Jane Herman has denim in her blood. An L.A. native, she’s been in the business since her teenage years, when she worked behind the jean bar at her dad’s store on Melrose. A longtime editor with a newsletter devoted to denim, Jane on Jeans, she is also the founder of brand the Only Jane, which counts as its signature shape the curvy-yet-straight Georgia jean. Below, as part of Bazaar's Jeans Queens denim guide, she delves into her denim philosophy.
On her approach to buying jeans: Don’t be afraid to go after what you love. I really believe that you should wear the jeans that make you feel like your natural self. Trends should never be first on your list. If you wear skinnies, go after skinnies. If you know that high-rises really work for you, does it matter that the trends are moving towards mid-rises again? Just wear what makes you feel good.
On the elements to look for: I’m sensitive to fabric, and I tend to like 100 percent cotton denim better than anything that has stretch. (Up to a 2 percent stretch is also fine.) If I’m shopping for vintage, I always look at the wash first, before the fit, because that is the one thing in a jean you cannot change.
On her favorite jeans: I think a straight leg is the most versatile fit, and I like jeans that are made locally in the USA. B Sides is made in NY; I love their jeans and their washes. I’m really into the Japanese selvedge column jeans from Levi’s right now, too. The Georgia jean that I designed has a bit of a curve, and from the front I wanted it to look straight, because I just love a straight leg. And of course it comes in a vintage wash (as well as an amazing salt color!).

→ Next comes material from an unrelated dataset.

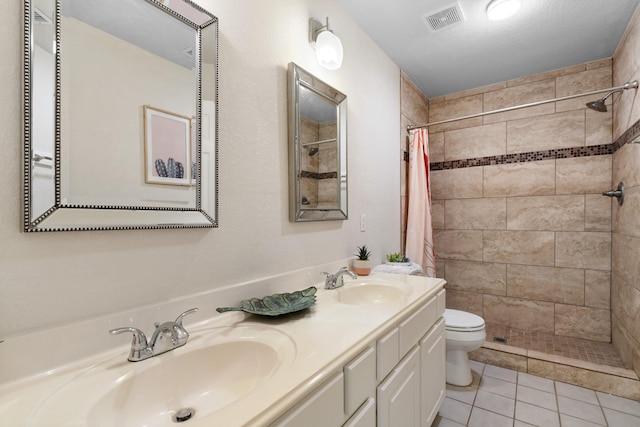 bathroom with vanity, toilet, tile patterned floors, a textured ceiling, and a shower with curtain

On developing her signature Georgia style: I’m in my early 40s, I have two kids, and I live in Los Angeles. I wanted an ease, some room in my leg, especially around my thighs and hips. I need to be able to squat down and pick things up. I’m on the floor a lot, not just for my kids but for my work—you put clothes on the floor, you lay things down and you look at them, and then you get on your hands and knees and make adjustments. I wanted to mix the timelessness of the straight leg with a bit of the current trend towards baggier, looser, more relaxed fits.
Her go-to denim resources:
Jean Genie Vintage – Great place to buy vintage jeans online, curated by Meg Younger. She’s amazing—I write about her all the time on my Substack.

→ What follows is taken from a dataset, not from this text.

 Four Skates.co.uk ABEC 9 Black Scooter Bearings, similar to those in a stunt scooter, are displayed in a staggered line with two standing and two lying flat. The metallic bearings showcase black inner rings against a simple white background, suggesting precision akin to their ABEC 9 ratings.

Junkyard Jeans – This place in Boise, Idaho, is run by Eric Schrader, the expert’s expert on vintage jeans. He knows more about vintage denim than anyone I’ve ever met.
Atelier Vintage – They sell vintage, customs, and Levi’s curated one-by-one.
The Future Past – Behind the incredible alterations and mending operations is Lindsey Hansen, based in San Francisco. Of course, it’s always better to go in person, but you can also ship her stuff. I would send your favorite pair of jeans and something you want altered, and then she can match.
Denim Doctors – Vintage store and repair shop, run by Zip Stevenson, who’s kind of a legend in L.A.